Sua teoria buscava fundamentar a ideia de raça dando-lhe um enfoque cultural, enquanto especificidade de um povo, de uma circunstância histórica. No seu entender, a personalidade africana seria o caminho específico do negro (africanos e afrodescendentes) à civilização universal (…) foi um dos primeiros intelectuais a dizer que as sociedades africanas ancestrais tinham valores civilizatórios, como à importância que davam a família, a vida coletiva e ao uso comum da terra e da água (Barbosa 2012: 137).    

Esta ideia surge em Cabo Verde com Cabral (2013 [1970]; 2015 [1963]), quando apela os cabo-verdianos para a (re)africanização dos espíritos e das mentes, como forma de reconquistar a sua personalidade africana, esquecida pela força do poder simbólico colonialista missionário português via processos de assimilação e aculturação. 

Cabral por Vhils, 2019Cabral por Vhils, 2019

Antes, foi precisamente essa ideia que serviu de base ao princípio da unidade entre os povos africanos, levando ao desenvolvimento do movimento Back to Africa, liderado por Marcus Garvey, reforçando o nacionalismo africano e fazendo do Congresso de 1945 um marco para a luta de libertação africana (Nkrumah 1963) e de unidade política da África ocidental (Benot 1981 [1969]), fórmula seguida mais tarde por Amílcar Cabral, aquando da edificação do projeto de frente comum de luta entre Guiné e Cabo Verde, como deixa transparecer Graça (1998). 

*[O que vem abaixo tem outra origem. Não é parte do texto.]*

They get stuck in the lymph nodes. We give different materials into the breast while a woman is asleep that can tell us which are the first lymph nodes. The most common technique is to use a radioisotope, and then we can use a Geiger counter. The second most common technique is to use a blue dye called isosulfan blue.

É de referir, porém, que a partir dos anos de 1960, as atenções dos Congressos Pan-Africanos centraram-se na questão da luta política para as independências, remetendo para o segundo plano as questões ligadas ao desenvolvimento económico dos territórios, facto que só começou a revelar-se pertinente com as sucessivas independências. Nesse contexto, começaram a surgir as primeiras tensões sobre o futuro do movimento integracionista continental7 (Asante 2010). Uma dessas tensões surge ainda em 1959 com a publicação de um texto da Fédération des étudiants d’Afrique noire en France (Benot 1981 [1969]), em que chamam a atenção para o erro estratégico em propor uma simples solidariedade racial que poderia vir a transformar-se em chauvinismo. Para esses estudantes, era uma forma errada de colocar o problema, uma vez que a luta não se situava ao nível das raças, mas ao nível de exploradores e explorados. Dessa forma, o pan-africanismo corria o risco de vir a ser utilizado pelos diversos imperialismos, o que realmente acabou por vir a acontecer. 

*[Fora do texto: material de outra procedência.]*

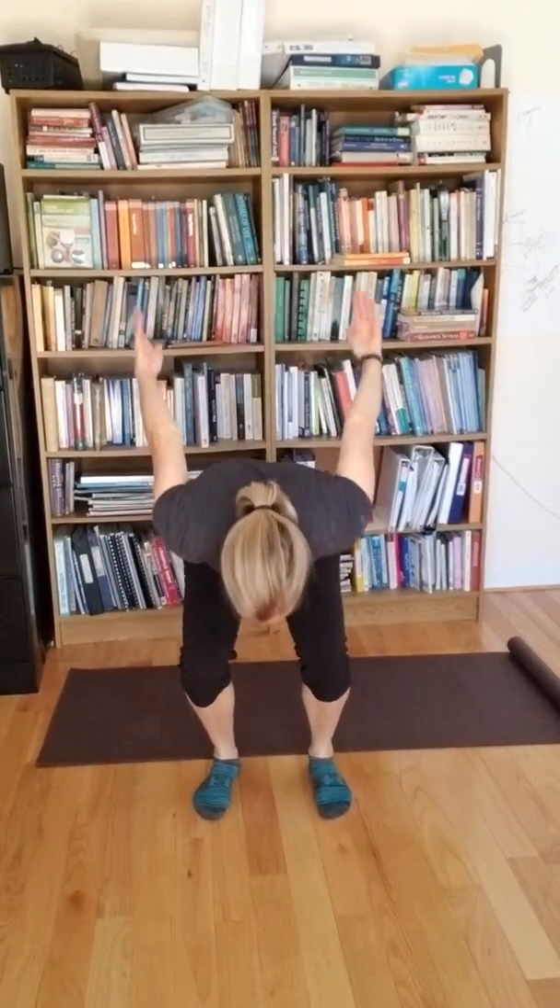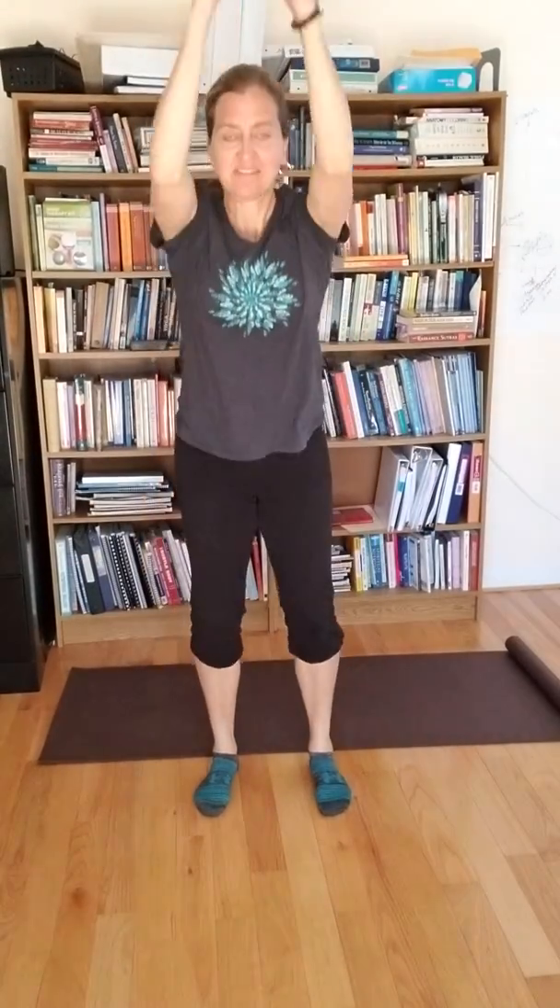The breath in Breath of Joy is usually through the nose and the exhale through the mouth. To finish Breath of Joy, you want to inhale, sweep your arms up, and then just exhale and let the arms slip down.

O projeto pan-africanista bi-nacional Guiné e Cabo Verde também viria sofrer tensões. Medeiros (2012) afirma que o maior erro de Cabral foi ter insistido na unidade racial de dois povos culturalmente diferentes um do outro. Alías, como observa Tomás (2018), o entendimento que Cabral tinha da cultura estava ligado muito mais à sua biografia pessoal, do que a uma ideia de nacionalismo capaz de dar conta da realidade étnica bissau-guinnense. Igualmente, a ideia de unidade cultural entre os dois povos, embora estratégica, estava longe de corresponder a sua visão idílica, visto que Cabo Verde e Guiné-Bissau ocupavam uma posição hierárquica diferenciada no contexto do colonialismo português. Convém lembrar que ao cabo-verdiano, não obstante o desprezo luso, nunca foi submetido ao Estatudo do Indiginato. Portanto, estes, mais o fato dos bissau-guineenses não terem sido integrados no governo do arquipélago, ao contrário do que aconteceu com os cabo-verdianos na Guiné-Bissau, são apontados como umas das prováveis causas que levaram ao seu assassinato em 1973 e a rutura da unidade dos dois países, desencadeado pelo golpe de Estado, em 1980 (Lopes 2013 ; Tomás 2018). Isso na sequência das profundas divergências surgidas no interior do movimento pan-africanista cabo-verdiano (Lopes 2012). 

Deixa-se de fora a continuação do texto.